Work task
Locate the line that contains "network on perceptual" in the data that follows. Copy it and every subsequent line to the end, exactly, excluding pictures.

(Scraped caption text data)
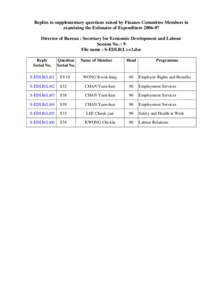 Replies to supplementary questions raised by Finance Committee Members in examining the Estimates of Expenditure[removed]Director of Bureau : Secretary for Economic Development and Labour Session No. : 9 File name : S-ED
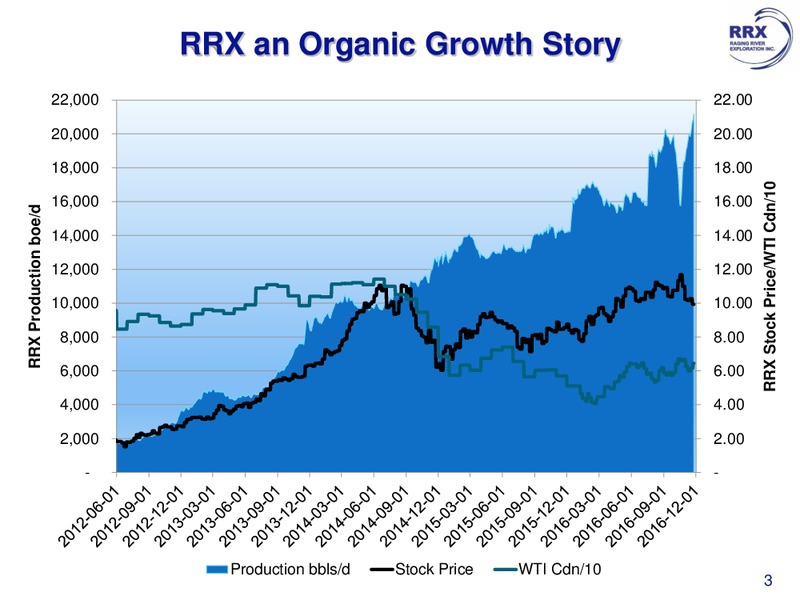 December 2016 Investor Presentation – Raging River Exploration Inc. – slide 3
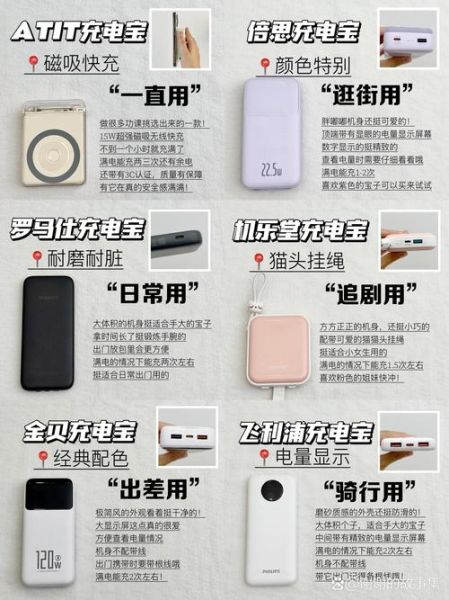 手机电量为什么总不够用_充电宝怎么选才安全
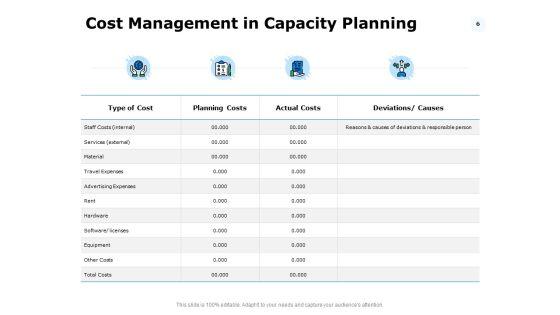 Capacity_Management_Strategies_Ppt_PowerPoint_Presentation_Complete_Deck_With_Slides_Slide_6.jpg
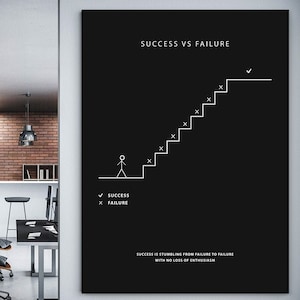 Success Vs Failure Motivational Modern Canvas Print Wall Office Decor Visual Motivation Printable Entrepreneur Quote, Visualize Digital Art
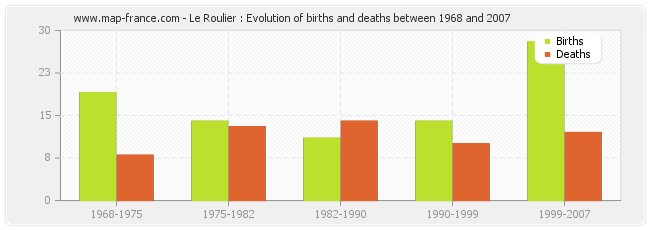 Le Roulier : Evolution of births and deaths between 1968 and 2007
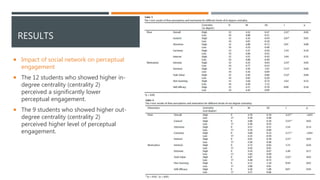 RESULTS
 Impact of social network on perceptual
engagement
 The 12 students who showed higher in-
degree centrality (centrality 2)
perceived a significantly lower
perceptual engagement.
 The 9 students who showed higher out-
degree centrality (centrality 2)
perceived higher level of perceptual
engagement.
 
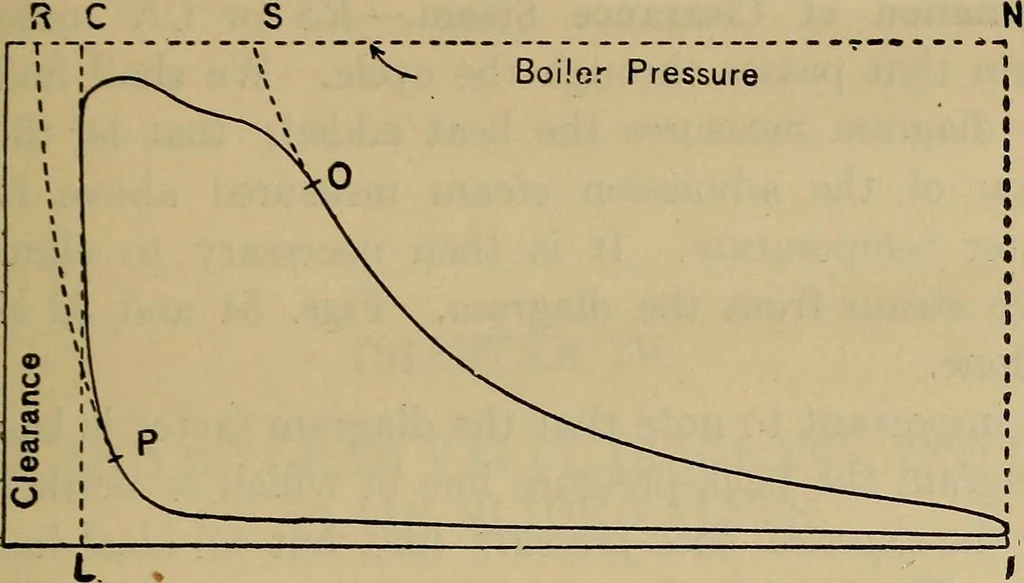 An illustration from The steam-engine and other heat-motors, 1909, leaf 104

Answer to the problem
 Impact of social network on perceptual
engagement
 The 12 students who showed higher in-
degree centrality (centrality 2)
perceived a significantly lower
perceptual engagement.
 The 9 students who showed higher out-
degree centrality (centrality 2)
perceived higher level of perceptual
engagement.
 
 An illustration from The steam-engine and other heat-motors, 1909, leaf 104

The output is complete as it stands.